The first line of <outfile> shall be:

preproc <N>

where <N> is the number of <srcfiles>.

Following that, for each <srcfilei>, a per-srcfile section is output, in the same order as given on the command-line.

The first line of the per-srcfile section shall be:

sof <srcfilei>

where <srcfilei> is the name of the infile given on the command-line.

The remainder of each per-srcfile output is the same as PA2 posttoken. This implies each per-srcfile section is terminated with an eof, so there will be N eofs in total. (sof and eof lines are not generated for #include files)

Example

For example for a call of

$ preproc -o foo bar baz

Where bar is a file that contains 1 + 2 and baz is a file that contains qux

A file called foo should be created with the following contents:

preproc 2
sof bar
literal 1 int 01000000
simple + OP_PLUS
literal 2 int 02000000
eof
sof baz
identifier qux
eof

Error Reporting

For PA5 it is considered an error if any token stream at phase 7 contains a PA2 invalid token.

It is also an error if the #error directive is encountered in a non-excluded section.

It is also an error if an #if controlling expression contains a PA3 error result.

If an error occurs, preproc should return EXIT_FAILURE as per the behaviour of pptoken in PA1.

The state of the outfile in case of EXIT_FAILURE is undefined.

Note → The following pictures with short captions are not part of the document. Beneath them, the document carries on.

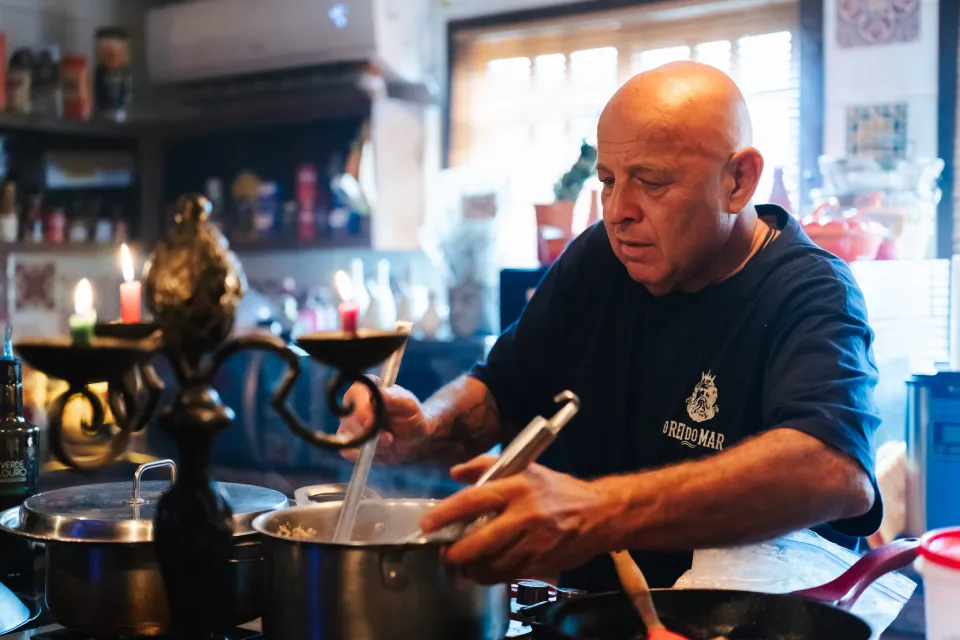 Fotografia de homem careca, com camiseta azul, mexendo uma panela no fogão de uma cozinha.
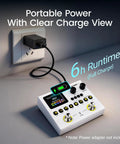 Dual Stomp Lite Multi Effects Guitar Pedal With 125 Effects, 99 Presets connected to a power outlet, showing charge status and digital display.
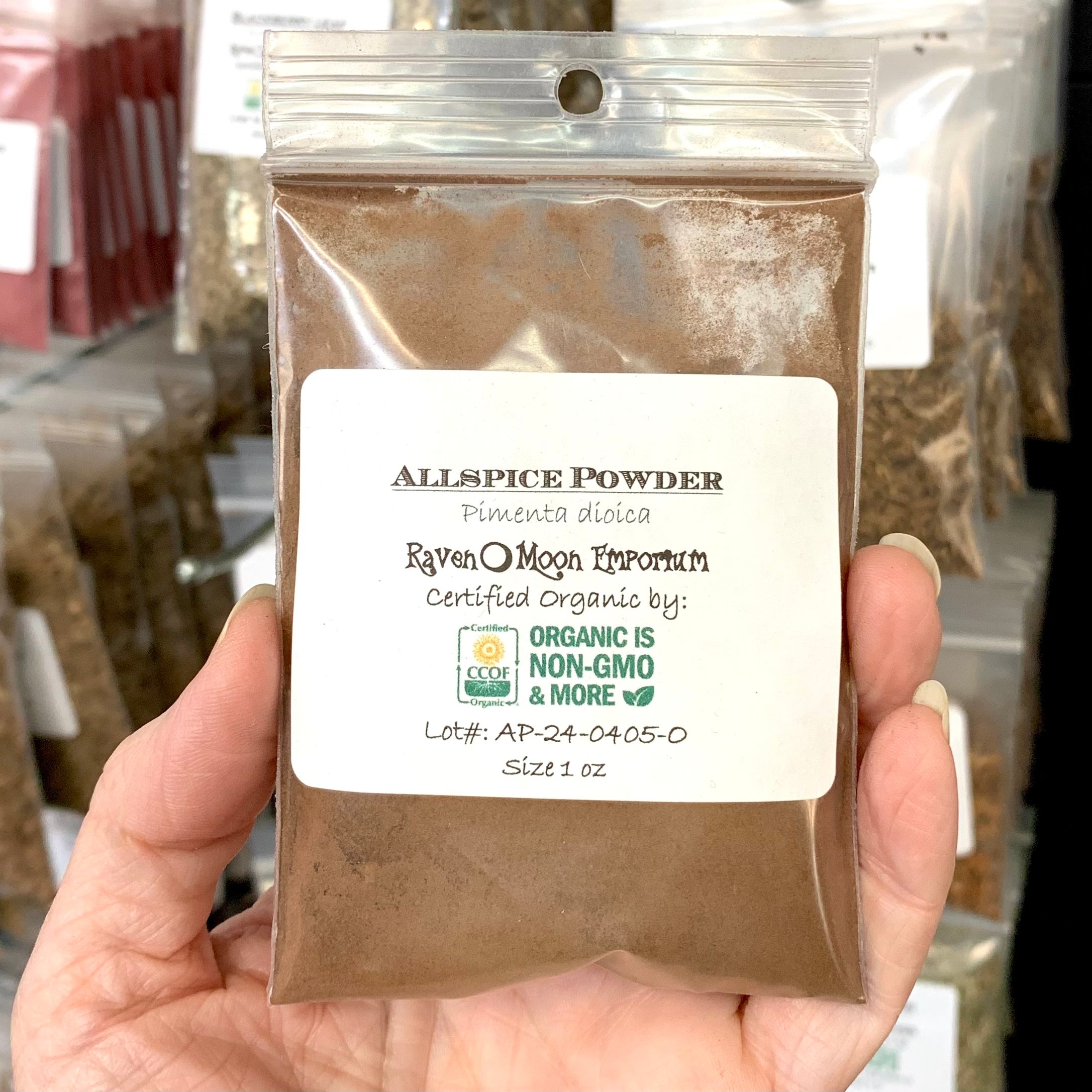 Hand holding a clear plastic zip bag of allspice powder with a label in front of a background of similar bags of herbs. The bag is labeled with the Raven Moon Emporium logo.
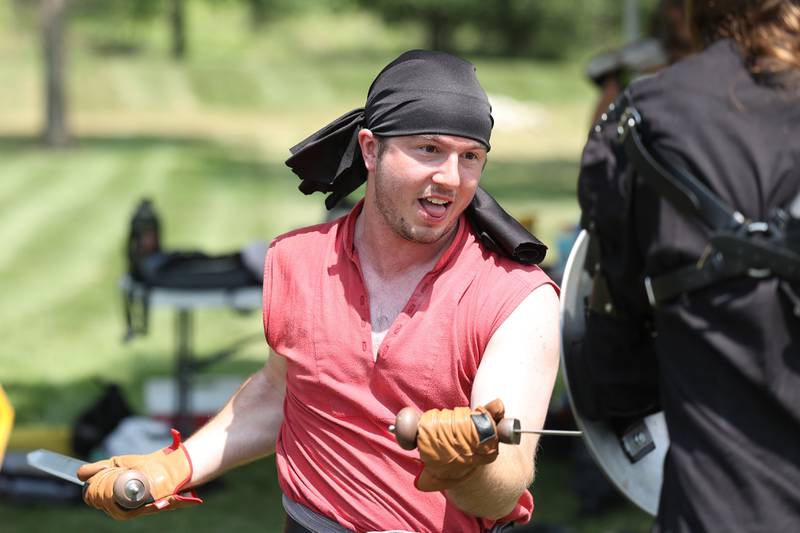 Members of the Joliet Drama Guild reenact at battle from a Shakespeare play at the Royal Faire hosted by the Joliet Public Library Black Road Branch on Saturday, July 22nd, 2023.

preproc standard output and standard error are undefined and ignored, whether or not an error occurs.

Restrictions

As per PA1

Testing

As usual to run the tests against the reference implementation use:

$ make test

Note that because the filesystem and current working directory are significant for PA5, preproc must be run from the root of the PA5 starter kit (one directory up from the tests directory). make test takes care of this for you.

Also note that stdout and stderr are combined into a .stdout file for PA5. This output is not significant. The.ref and .my files without a further suffix are the actual outfiles.

For adhoc testing two wrapper scripts are included called preproc-stdin and preproc-ref-stdin. They create temporary files to hold the srcfile and outfile and then pass stdin to the temporary file, execute the preproc, and write the outfile to stdout. preproc-stdin uses your preproc implementation. preproc-ref-stdin uses the reference implementation preproc-ref.

Features

Logically each source file is processed in turn with no shared state between them.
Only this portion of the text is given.